Soixante-huit projets ont été subventionnés d'après le rapport d'activités. La principale association qui bénéficie du soutien de l'ARS se nomme Akenaituna. Son siège se situe à Montjoly. « Ce sont de superbes projets, Jeannette Anataka, la présidente, est très active mais avec le Covid la situation n'était pas facile », dédouane un membre du comité du littoral.
« L'association a mené de nombreux projets liés au périscolaire en employant des jeunes des villages. Elle ne devrait plus bénéficier de notre soutien mais celui de la caisse d'allocation familiale car elle a de l'expérience maintenant. Le Bepi sert à éliminer les contraintes administratives pour des structures récentes. On soutient des idées, des projets en les aidant à aller au-delà des entraves administratives », expliquait Steven Kuzan, il y a quelques mois.
Pour autant, la page Facebook de l'association ne promeut pas beaucoup d'événements ou de projets. Deux par an et le dernier était en 2019. Il s'agissait d'un podium vacances. Akenaituna devait aussi permettre la formation de jeunes au Bafa (Brevet d'aptitude à la formation d'animateurs). Personne ne connaît le nombre d'animateurs formés. « Nous lui avons demandé un bilan d'activité. Il ne saurait tarder », rassure l'ARS. De notre ôté, Jeannette Anataka n'a pas répondu à notre mail.
Le Bepi n'est donc pas totalement une coquille vide.

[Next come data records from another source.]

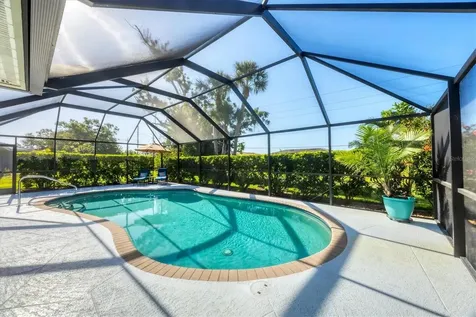 316 Signorelli Drive Nokomis FL 34275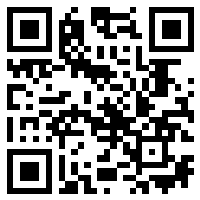 QR Code for Xx7Pb3PkAmJUL21pff5JTj351fja1CHwt9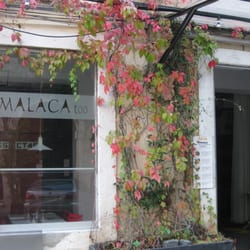 Malaca Too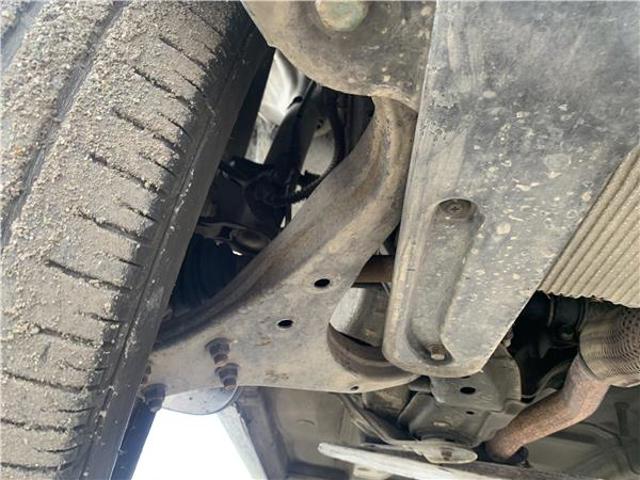 545012E000 HYUNDAI Рычаг передней подвески нижний правый купить в Винница
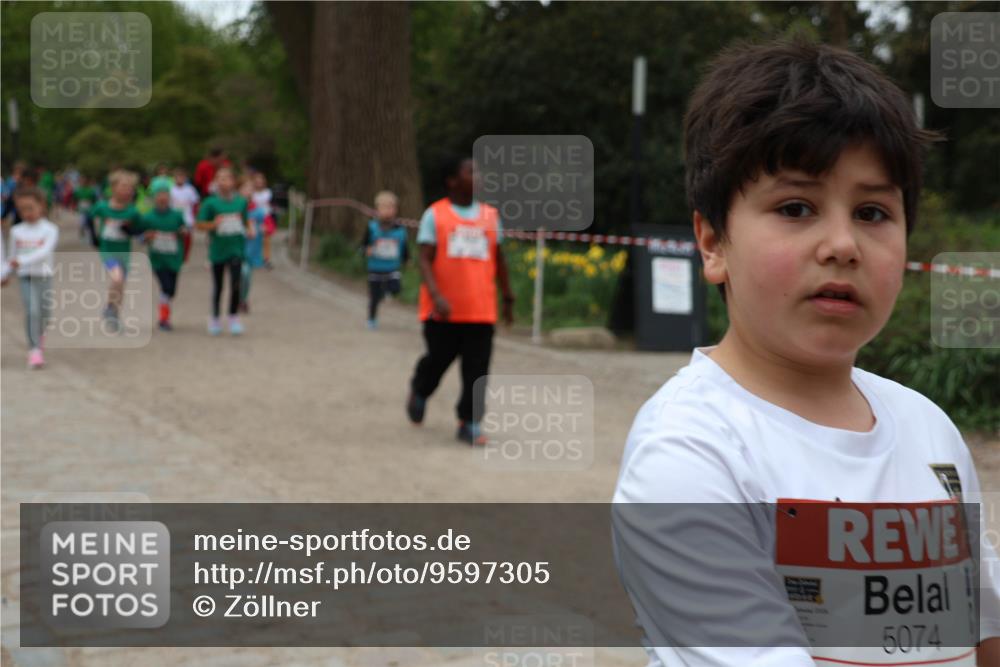 25.04.2026 - Das Zehntel Zöllner http://msf.ph/oto/9597305 25.04.2026 10:49:15 Laufen 5074 meine-sportfotos.de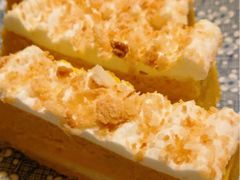-春笙食堂.丼饭拉面寿司(GOGO新天地店)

Akenaituna a participé par exemple à la rénovation du Tukusipan de Taluen, financé de 12 000 euros par l'ARS pour un budget total de 52 000 euros.
Le vrai manquement du programme se situe plus dans sa fonction de gouvernance. Cette section bénéficie de 30 000 euros de subventions. Seulement 2 338 euros ont été dépensés. Il s'agit d'aller à la rencontre des habitants et de faire sortir les idées pour le mieux-vivre du village car tous les projets doivent être validés par des comités du village.

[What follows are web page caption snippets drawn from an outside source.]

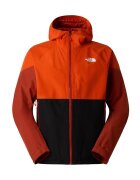 The North Face Îmbracaminte Lightning
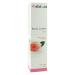 Body Lotion Rose (200 ml)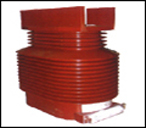 LZZBJ9-35戶內(nèi)環(huán)氧樹(shù)脂澆注式電流互感器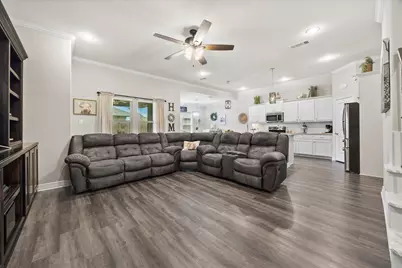 1010 Eva Drive, Greenville, TX 75402 - Photo 14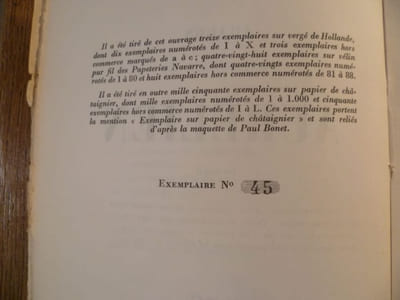 Aurélien.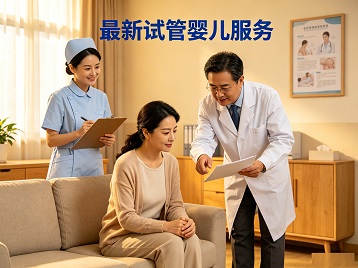 织金有偿捐卵代孕妈妈第试管孩全新服务价格明细：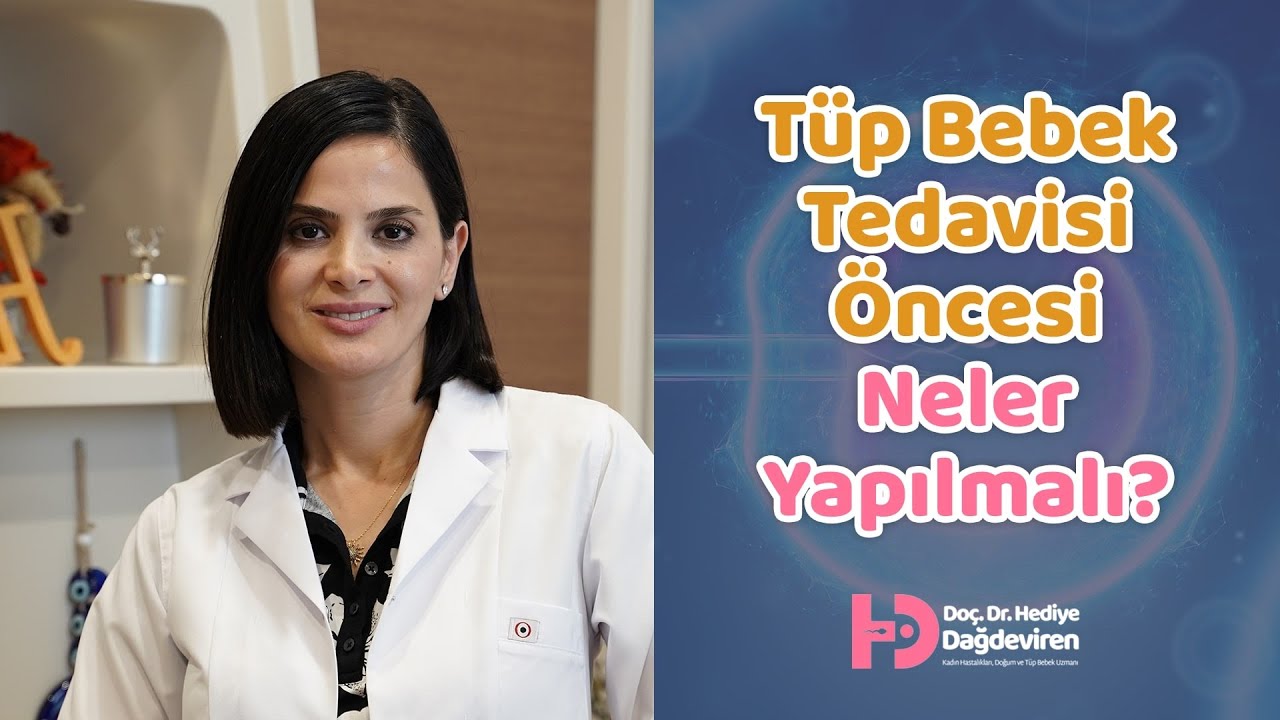 DOÇ. DR. HEDİYE DAĞDEVİREN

Un échec patent, surtout du côté de l'Oyapock.
Alors après discussions avec les autorités coutumières, les équipes municipales et le parc amazonien l'ARS change son fusil d'épaule et crée le plan en faveur du mieux-être et de la santé globale des habitants de l’intérieur dit plan « mieux être » pour les années 2023-2026.
Il s'agira pour l'ARS de renforcer sa présence avec la création d’un poste de référent ARS aux communes de l’intérieur ; de continuer à « simplifier l’accès aux financements destinés aux petits projets locaux visant à valoriser et transmettre les connaissances des habitants ; de soutenir les populations dans une démarche d’identification de leurs propres priorités et d’élaboration de solutions », écrit la lettre quotidienne d'informations de l'ARS du 10 janvier.
Le budget de ce nouveau programme est légèrement supérieur à celui du Bepi : une enveloppe entre 400 000 et 500 000 euros par an, trois appels à projet de 125 000 euros chacun. L'ARS est en "concertation pour renforcer l’enveloppe de l’appel à projet du parc amazonien", précise l'ARS.
Des actions très attendues sur les fleuves alors qu'une mère de trois enfants, âgée de 43 ans s'est ôtée la vie dans un village de la Litany cette semaine.